So, this is what had happened as I stepped across the living room and the lights went out in the tiny town I live in Friuli Venezia Giulia in Italy.
I had been transported to the living room at Carton and the soft light from our Home Sweet Home lamps, the sound of people having a quiet discussion as they went about their tasks in the light of the hurricane lamp in the kitchen. Yes, even sounds were muted.
Once, in Jamaica, after Ruth had a stroke, we were days without light, until I noticed the spotlights over at Winefield. This meant I had to wait until morning, go down to Liberty Hill at Lime Hall to our friend’s house and ask if I could use the telephone to call the electricity company.

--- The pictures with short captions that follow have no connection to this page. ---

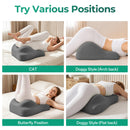 27° Ergonomic Memory Foam Support Pillow for Couples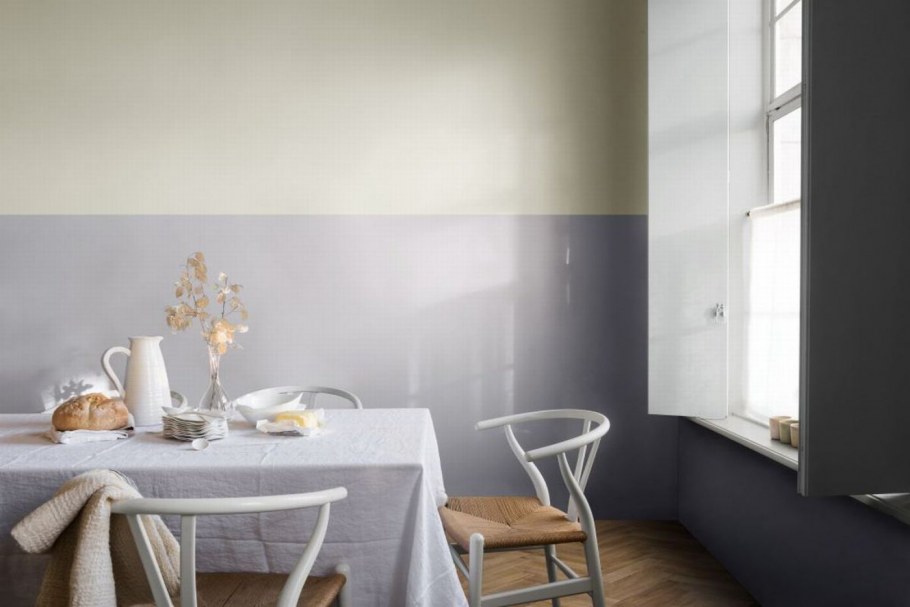 Глянцевая покраска стен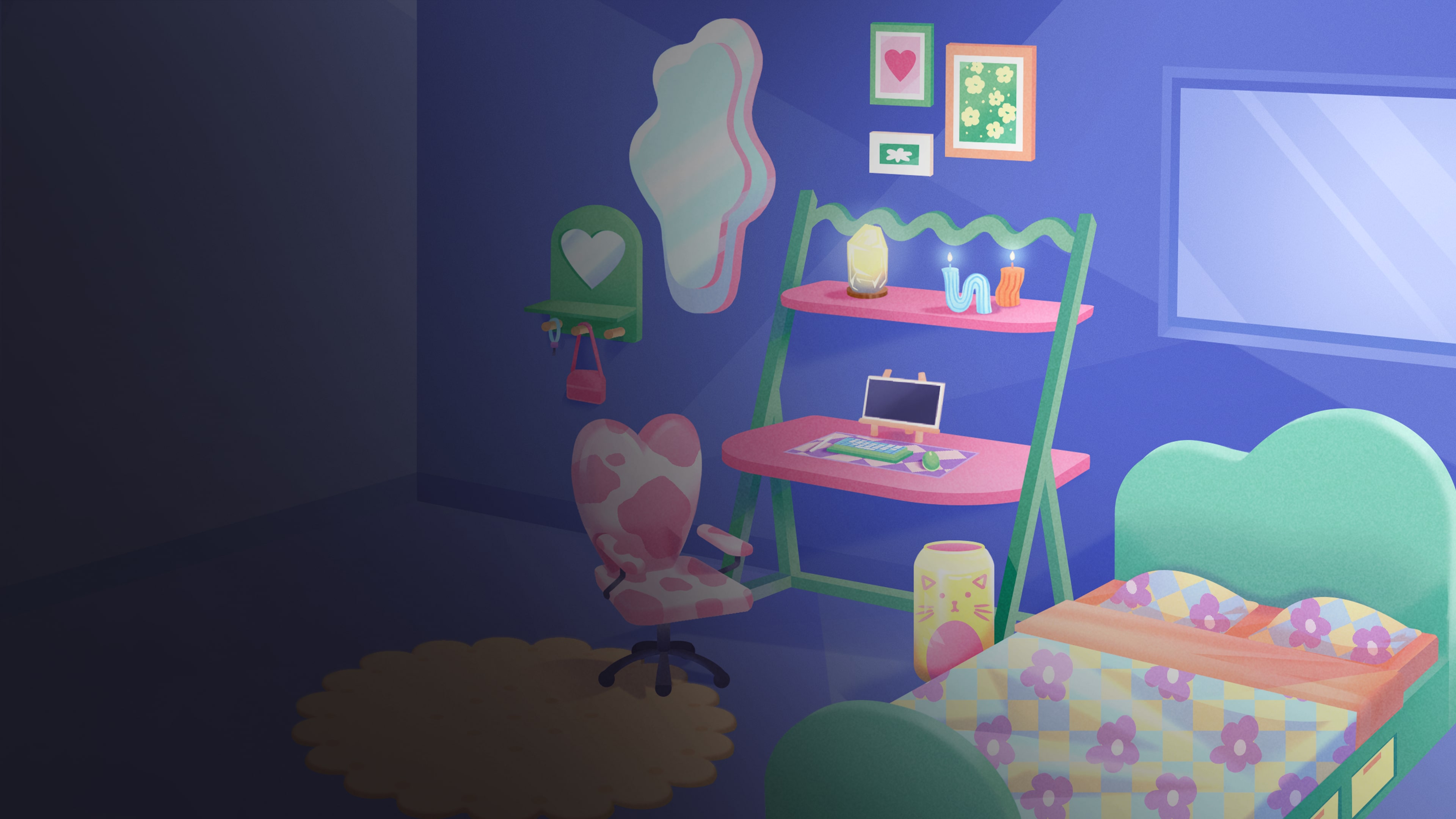 Les Sims™ 4 Kit Chambre pastel
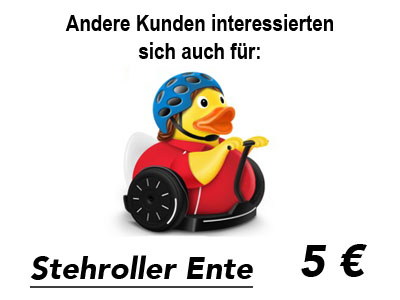 Stehroller Ente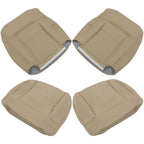 Front Seat Cover For Ford F150 Lariat XLT 2004-2008 Front Bottom Top Tan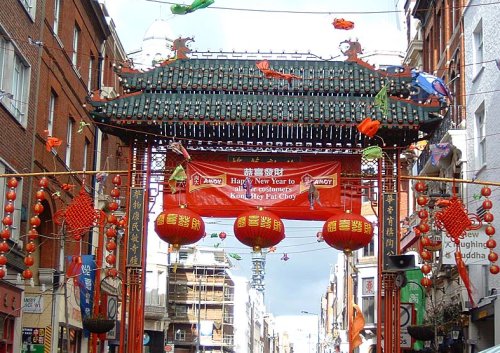 Italy Chinatown Chinatown Report
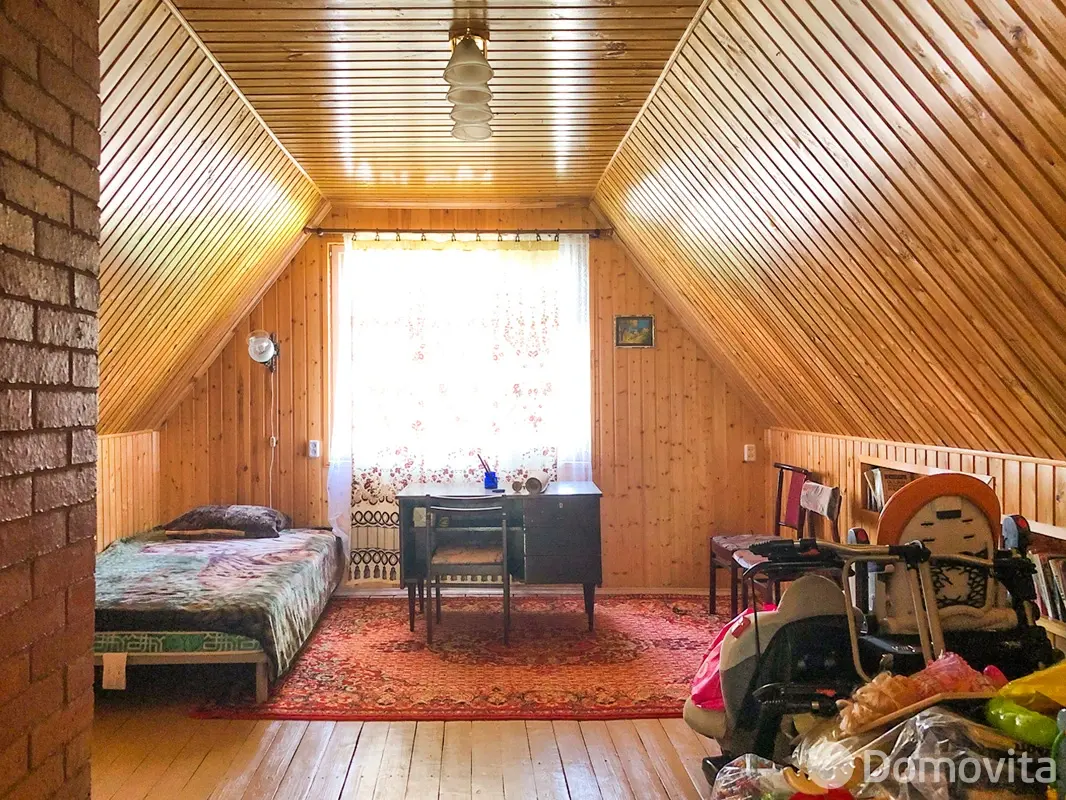 Купить 2-этажную дачу в Ратомке Минская область, 40000USD, код 184337 - фото 19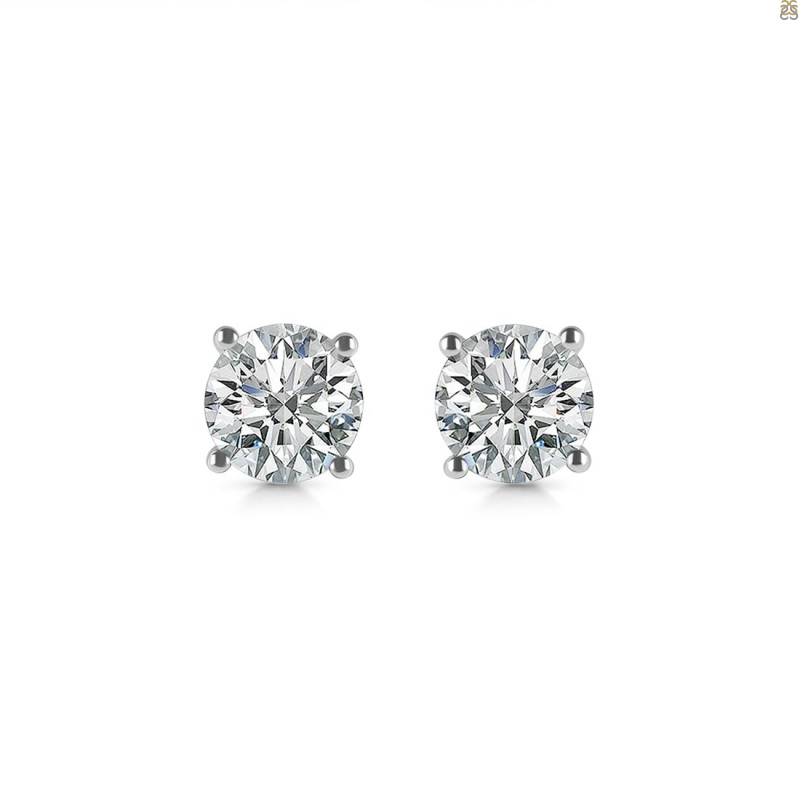 Crystal Stud Earring CST-RDE-1349.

Once it was because I had forgotten to pay the bill. Another time the Jamaica Public Service company (JPS) had to send someone out to discover what the problem could be.
That time it was because lightening had struck the rotting electricity pole on the barbecue short meters from the house.
Men came to check on the pole and stated that it would have to be replaced. It would not cost us anything because the pole belonged to the JPS.
“Shouldn’t it be moved further away?” I asked.
The man turned to me and said, “I think it is in a very good position. It is better that the electricity pole gets struck by lightening and not the house.”
This pole was replaced, and with it light and power were restored.
Back in Italy, I went out to see if the neighbours had lights on. They did not. So it was a local problem. We both went to our smart phones to see if we could discover what the problem could be. Even the Internet was not working so it was not only a local problem. As there is so much going on in the world I wondered if, indeed, something dreadful had happened.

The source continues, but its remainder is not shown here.